== Exercise description ==
All entries below must be reproduced without a single change.

^^^^^^^^

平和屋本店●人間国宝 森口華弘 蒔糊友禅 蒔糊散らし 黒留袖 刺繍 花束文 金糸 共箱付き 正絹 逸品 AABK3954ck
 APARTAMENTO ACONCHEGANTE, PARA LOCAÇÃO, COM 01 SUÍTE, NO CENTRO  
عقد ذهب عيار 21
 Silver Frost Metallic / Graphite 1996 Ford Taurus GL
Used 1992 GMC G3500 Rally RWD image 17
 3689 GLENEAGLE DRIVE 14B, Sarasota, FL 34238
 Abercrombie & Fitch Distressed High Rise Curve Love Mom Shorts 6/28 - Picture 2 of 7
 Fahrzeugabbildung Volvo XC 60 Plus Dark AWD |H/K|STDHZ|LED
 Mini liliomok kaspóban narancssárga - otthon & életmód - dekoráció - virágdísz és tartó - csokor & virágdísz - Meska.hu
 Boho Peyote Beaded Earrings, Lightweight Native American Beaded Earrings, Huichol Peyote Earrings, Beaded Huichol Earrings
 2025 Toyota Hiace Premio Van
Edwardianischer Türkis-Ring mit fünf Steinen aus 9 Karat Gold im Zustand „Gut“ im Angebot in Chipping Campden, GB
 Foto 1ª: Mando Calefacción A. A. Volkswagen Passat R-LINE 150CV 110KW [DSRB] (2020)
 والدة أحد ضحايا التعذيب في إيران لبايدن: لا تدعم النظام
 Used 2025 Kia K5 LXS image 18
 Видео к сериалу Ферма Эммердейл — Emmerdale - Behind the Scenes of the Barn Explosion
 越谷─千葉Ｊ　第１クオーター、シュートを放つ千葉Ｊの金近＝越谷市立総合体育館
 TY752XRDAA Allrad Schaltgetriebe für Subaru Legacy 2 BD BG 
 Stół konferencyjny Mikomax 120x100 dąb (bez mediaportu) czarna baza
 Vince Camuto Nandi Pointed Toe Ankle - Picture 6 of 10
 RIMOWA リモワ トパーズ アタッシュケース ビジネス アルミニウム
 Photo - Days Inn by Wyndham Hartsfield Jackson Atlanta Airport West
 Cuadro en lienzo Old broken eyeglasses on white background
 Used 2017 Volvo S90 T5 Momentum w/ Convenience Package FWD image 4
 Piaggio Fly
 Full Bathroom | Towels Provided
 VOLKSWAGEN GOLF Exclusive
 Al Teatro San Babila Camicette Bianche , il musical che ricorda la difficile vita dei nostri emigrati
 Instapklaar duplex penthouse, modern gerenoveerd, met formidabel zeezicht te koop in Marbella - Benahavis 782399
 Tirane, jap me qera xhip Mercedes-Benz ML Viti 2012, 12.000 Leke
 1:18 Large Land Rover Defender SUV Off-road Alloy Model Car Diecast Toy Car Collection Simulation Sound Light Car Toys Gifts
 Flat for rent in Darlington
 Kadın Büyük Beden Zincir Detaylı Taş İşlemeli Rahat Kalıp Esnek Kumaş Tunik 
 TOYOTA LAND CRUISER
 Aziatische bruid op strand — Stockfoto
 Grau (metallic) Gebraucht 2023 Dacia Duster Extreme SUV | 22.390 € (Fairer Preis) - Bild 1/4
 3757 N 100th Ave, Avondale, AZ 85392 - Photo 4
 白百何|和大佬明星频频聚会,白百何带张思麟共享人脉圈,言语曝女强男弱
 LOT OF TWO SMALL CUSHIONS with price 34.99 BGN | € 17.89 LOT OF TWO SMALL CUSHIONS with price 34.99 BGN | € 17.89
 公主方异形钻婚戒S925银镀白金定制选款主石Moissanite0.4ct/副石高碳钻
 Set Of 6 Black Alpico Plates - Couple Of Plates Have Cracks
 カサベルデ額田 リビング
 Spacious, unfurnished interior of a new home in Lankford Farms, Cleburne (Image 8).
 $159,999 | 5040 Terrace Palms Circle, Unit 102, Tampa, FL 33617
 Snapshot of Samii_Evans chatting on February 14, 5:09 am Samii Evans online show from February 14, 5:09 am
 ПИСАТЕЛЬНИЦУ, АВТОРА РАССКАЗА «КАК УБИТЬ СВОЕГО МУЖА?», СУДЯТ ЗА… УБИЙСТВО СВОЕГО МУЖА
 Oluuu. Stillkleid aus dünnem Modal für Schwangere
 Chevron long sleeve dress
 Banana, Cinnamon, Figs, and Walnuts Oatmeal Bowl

^^^^^^^^

== Expected output ==
平和屋本店●人間国宝 森口華弘 蒔糊友禅 蒔糊散らし 黒留袖 刺繍 花束文 金糸 共箱付き 正絹 逸品 AABK3954ck
 APARTAMENTO ACONCHEGANTE, PARA LOCAÇÃO, COM 01 SUÍTE, NO CENTRO  
عقد ذهب عيار 21
 Silver Frost Metallic / Graphite 1996 Ford Taurus GL
Used 1992 GMC G3500 Rally RWD image 17
 3689 GLENEAGLE DRIVE 14B, Sarasota, FL 34238
 Abercrombie & Fitch Distressed High Rise Curve Love Mom Shorts 6/28 - Picture 2 of 7
 Fahrzeugabbildung Volvo XC 60 Plus Dark AWD |H/K|STDHZ|LED
 Mini liliomok kaspóban narancssárga - otthon & életmód - dekoráció - virágdísz és tartó - csokor & virágdísz - Meska.hu
 Boho Peyote Beaded Earrings, Lightweight Native American Beaded Earrings, Huichol Peyote Earrings, Beaded Huichol Earrings
 2025 Toyota Hiace Premio Van
Edwardianischer Türkis-Ring mit fünf Steinen aus 9 Karat Gold im Zustand „Gut“ im Angebot in Chipping Campden, GB
 Foto 1ª: Mando Calefacción A. A. Volkswagen Passat R-LINE 150CV 110KW [DSRB] (2020)
 والدة أحد ضحايا التعذيب في إيران لبايدن: لا تدعم النظام
 Used 2025 Kia K5 LXS image 18
 Видео к сериалу Ферма Эммердейл — Emmerdale - Behind the Scenes of the Barn Explosion
 越谷─千葉Ｊ　第１クオーター、シュートを放つ千葉Ｊの金近＝越谷市立総合体育館
 TY752XRDAA Allrad Schaltgetriebe für Subaru Legacy 2 BD BG 
 Stół konferencyjny Mikomax 120x100 dąb (bez mediaportu) czarna baza
 Vince Camuto Nandi Pointed Toe Ankle - Picture 6 of 10
 RIMOWA リモワ トパーズ アタッシュケース ビジネス アルミニウム
 Photo - Days Inn by Wyndham Hartsfield Jackson Atlanta Airport West
 Cuadro en lienzo Old broken eyeglasses on white background
 Used 2017 Volvo S90 T5 Momentum w/ Convenience Package FWD image 4
 Piaggio Fly
 Full Bathroom | Towels Provided
 VOLKSWAGEN GOLF Exclusive
 Al Teatro San Babila Camicette Bianche , il musical che ricorda la difficile vita dei nostri emigrati
 Instapklaar duplex penthouse, modern gerenoveerd, met formidabel zeezicht te koop in Marbella - Benahavis 782399
 Tirane, jap me qera xhip Mercedes-Benz ML Viti 2012, 12.000 Leke
 1:18 Large Land Rover Defender SUV Off-road Alloy Model Car Diecast Toy Car Collection Simulation Sound Light Car Toys Gifts
 Flat for rent in Darlington
 Kadın Büyük Beden Zincir Detaylı Taş İşlemeli Rahat Kalıp Esnek Kumaş Tunik 
 TOYOTA LAND CRUISER
 Aziatische bruid op strand — Stockfoto
 Grau (metallic) Gebraucht 2023 Dacia Duster Extreme SUV | 22.390 € (Fairer Preis) - Bild 1/4
 3757 N 100th Ave, Avondale, AZ 85392 - Photo 4
 白百何|和大佬明星频频聚会,白百何带张思麟共享人脉圈,言语曝女强男弱
 LOT OF TWO SMALL CUSHIONS with price 34.99 BGN | € 17.89 LOT OF TWO SMALL CUSHIONS with price 34.99 BGN | € 17.89
 公主方异形钻婚戒S925银镀白金定制选款主石Moissanite0.4ct/副石高碳钻
 Set Of 6 Black Alpico Plates - Couple Of Plates Have Cracks
 カサベルデ額田 リビング
 Spacious, unfurnished interior of a new home in Lankford Farms, Cleburne (Image 8).
 $159,999 | 5040 Terrace Palms Circle, Unit 102, Tampa, FL 33617
 Snapshot of Samii_Evans chatting on February 14, 5:09 am Samii Evans online show from February 14, 5:09 am
 ПИСАТЕЛЬНИЦУ, АВТОРА РАССКАЗА «КАК УБИТЬ СВОЕГО МУЖА?», СУДЯТ ЗА… УБИЙСТВО СВОЕГО МУЖА
 Oluuu. Stillkleid aus dünnem Modal für Schwangere
 Chevron long sleeve dress
 Banana, Cinnamon, Figs, and Walnuts Oatmeal Bowl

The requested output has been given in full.